= Aleksandr Leipunskii =

Soviet physicist (1903–1972)

Aleksandr Ilyich Leipunskii (Алекса́ндр Ильи́ч Лейпу́нский; Олександр Ілліч Лейпунський; 7 December 1903 – 14 August 1972) was a Soviet physicist.

He was born in the small village of Drahle, Grodno Governorate, Russian Poland. In 1921, he entered the Leningrad Polytechnic Institute, graduating in 1926. He then joined the Leningrad Physico-Technical Institute, where he studied atomic interactions with electrons and molecules.

In 1930, he began research into nuclear physics. He helped organize the Ukrainian Physics and Technology Institute in Kharkiv and became its director. In 1934, he was sent to England for a year as a visiting researcher at the Rutherford Laboratory. In September 1937 Leipunskii was arrested as a German spy in connection with the UPTI Affair, but later released.

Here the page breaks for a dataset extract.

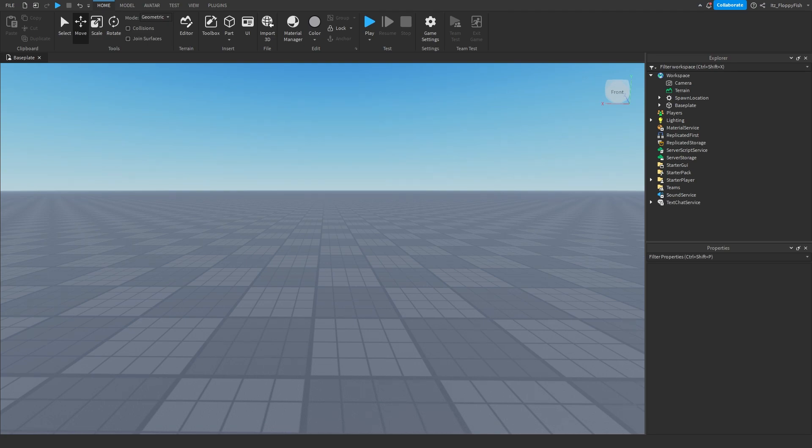Hey, what is up everyone? Welcome back to a brand new Roblox Studio video. My name is Floppy and in today's tutorial I'm going to be going over how to make a sittable seat inside Roblox Studio.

After being evacuated to Ufa, in 1941 he also became a head of the Institute of Physics of the Academy of Sciences of the Ukrainian SSR and held that post until 1949.

Following the war, he played a significant role in the development of nuclear power in the Soviet Union. In particular, he pioneered the development of Soviet fast breeder reactor technology. In 1963, he was awarded the Hero of Socialist Labor. The A. I. Leipunsky Institute of Physics and Power Engineering in Obninsk is named after him.